Acusación infame

La acusación era terrible: en ocasión del desalojo de profesores de la Coordinadora Estatal de Trabajadores de la Educación de Guerrero (CETEG), que intentaban tomar el aeropuerto de Acapulco y boicotear el Abierto Mexicano de Tenis, y que habían arrollado con un autobús a agentes policiales lesionando a siete, la Policía Federal —acusó la propia CETEG— capturó a la joven profesora Nancy Carolina Ayala, quien, estando detenida, según la acusación, fue violada y asesinada.

Hay abusos de poder que ameritarían que Dios volviera a hacer llover fuego sobre la tierra, una lluvia que alcanzara a todos los abusivos. Si las fuerzas de seguridad federales habían violado y privado de la vida a una maestra, ese crimen era una monstruosidad que resultaba imperativo castigar con rigor a la brevedad posible y una mancha que marcaría indeleblemente a la institución de la que son miembros los policías que se habían atrevido a cometer tal salvajada.

En una de sus obras inmortales, Shakespeare hace decir a Macbeth: “Me atrevo a lo que se atreve un hombre; quien se atreva a más, no lo es”. El violador actúa con el afán de humillar, de ofender gravemente a la víctima —un ser humano con preferencias, sentimientos, sueños, anhelos y dignidad—, de imponerle su poder deshumanizándola.

Como advierte la historiadora inglesa Joanna Bourke, “el dolor y el sufrimiento que provoca la violación no está causado solamente por la penetración del pene, sino por la confrontación con todo el cuerpo del agresor: dientes, uñas, vientre” (Los violadores, Editorial Crítica, Barcelona, 2009).

En ocasiones se emplea tal violencia para doblegar o lastimar a la víctima, que se le infieren gravísimas lesiones que pueden dejarla dañada permanentemente o incluso ocasionarle la muerte.

No hace falta decir más para caracterizar la barbarie de la conducta imputada a los agentes policiacos.

Pero resulta que la acusación es, simple y sencillamente, falsa.
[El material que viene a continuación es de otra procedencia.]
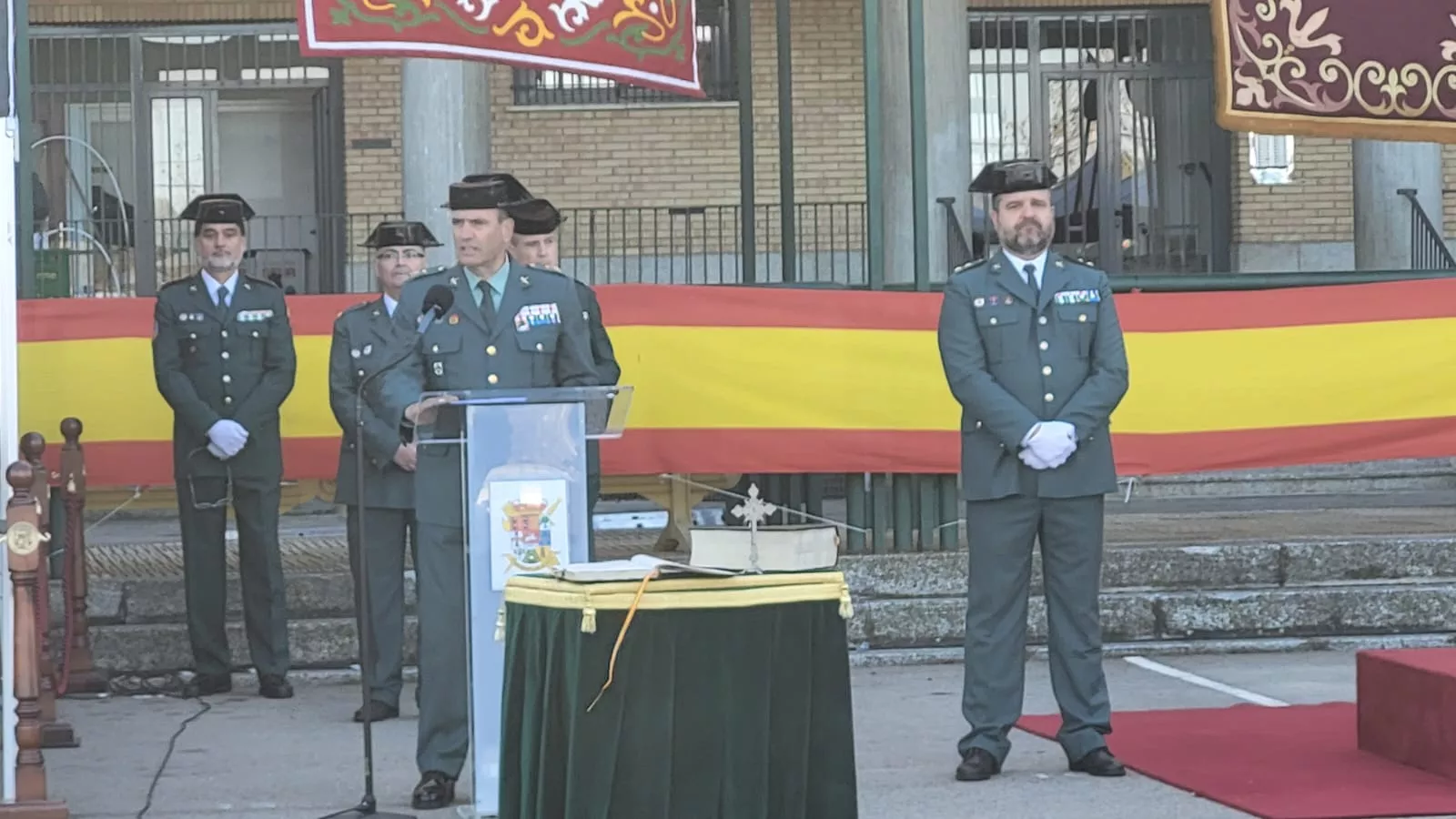 Toma de posesión del teniente coronel Cordobés Lucena en Huesca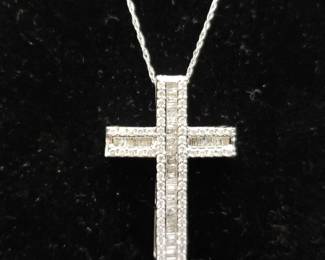 "Holly Jolly Jewels" in Evans, GA. Starts Closing on Sat 12/9 at 8p. Pickup on Mon 12/11 from 11-6p. Please click here to view more photos, descriptions, and current bids:&nbsp;https://ctbids.com/estate-sale/25629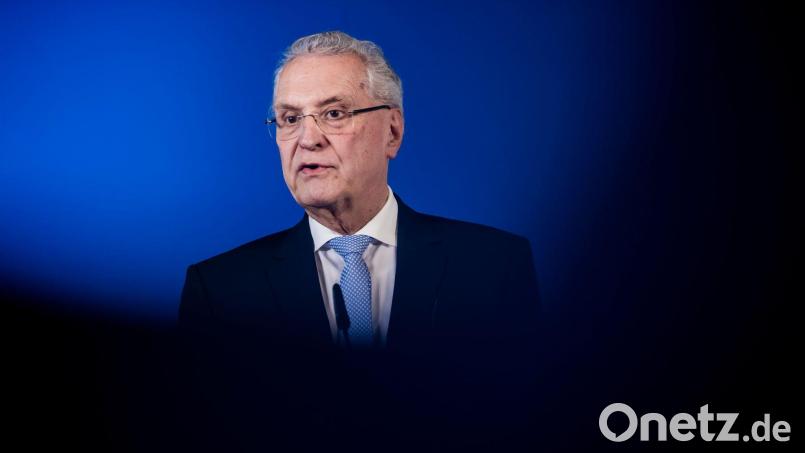 Schwarzfahren entkriminalisieren? Bayerns Innenminister bremst. (Archivbild) Bild: Christoph Soeder/dpa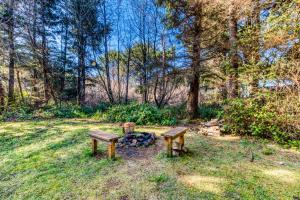Woodland Cottage by the Sea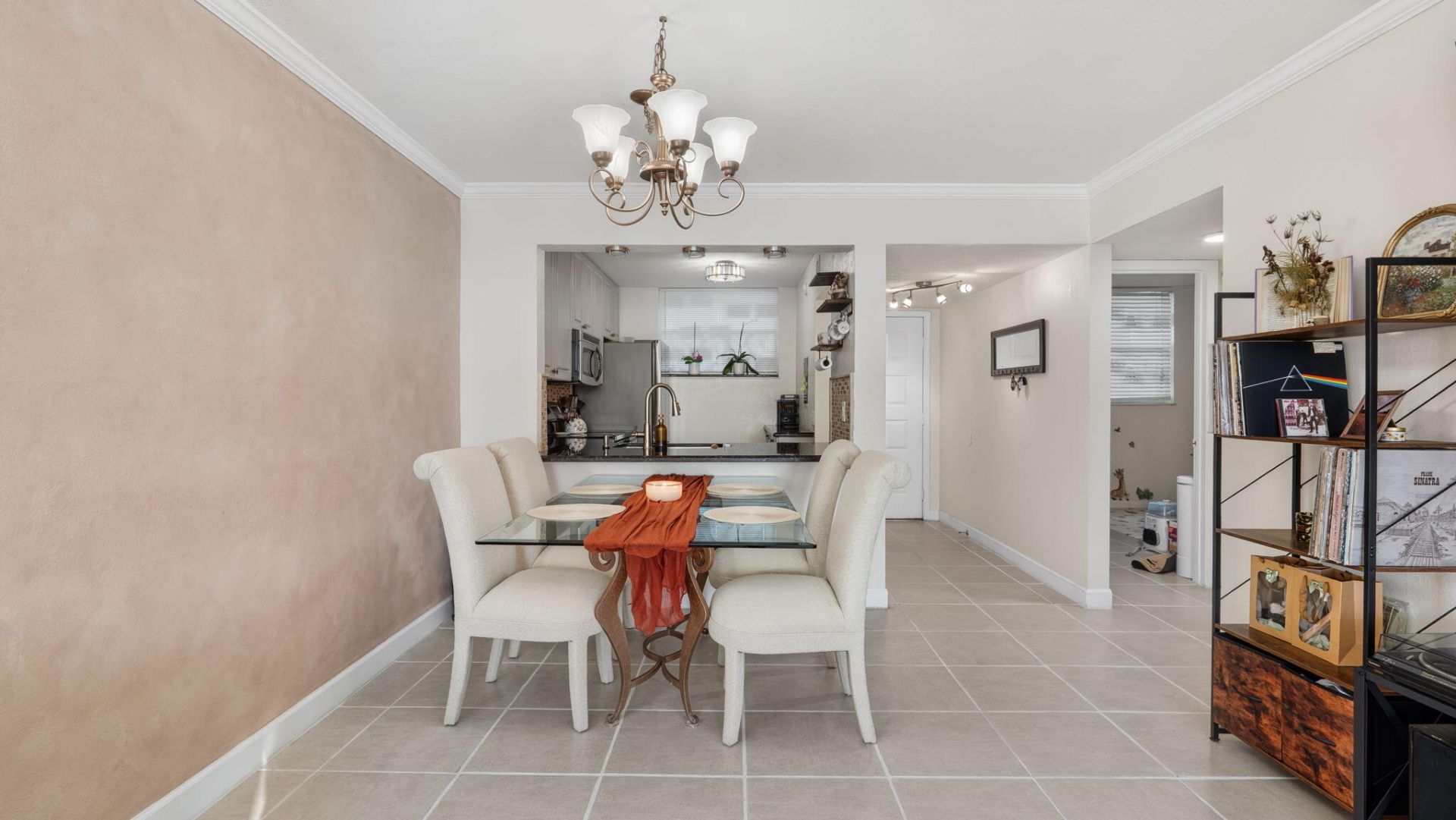 110 Lake Emerald Drive, Unit 303, Oakland Park, FL 33309 Photo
La madre de Nancy Carolina Ayala aclaró que su hija no era maestra y no estuvo presente en la marcha del 24 de febrero. Murió en otra fecha debido a un accidente en la cocina de su casa.

Es una bajeza imputar un crimen a sabiendas de que la imputación es falsa. Se trata de una imputación no motivada por un error de información o de apreciación sino por el propósito de infamar a los imputados.

Como los atropellos de los diversos cuerpos policiacos han sido tristemente frecuentes en el país, seguramente los acusadores en este caso calcularon que la inculpación sería creída por la opinión pública y de esa manera agregarían un nuevo mártir a su lucha.

Por lo visto no tomaron en cuenta que podían ser desmentidos, como lo fueron nada menos que por la madre de la joven.

No sabemos cuántas veces más habrán tergiversado hechos para hacerse de banderas adicionales de lucha, pero el solo caso que nos ocupa muestra una faz ética contorsionada, una disposición a conseguir sus objetivos sin reparar en escrúpulos.

No todo se vale en la protesta social: no son admisibles ni la violencia ni la canallada de falsas acusaciones de los crímenes más aborrecibles.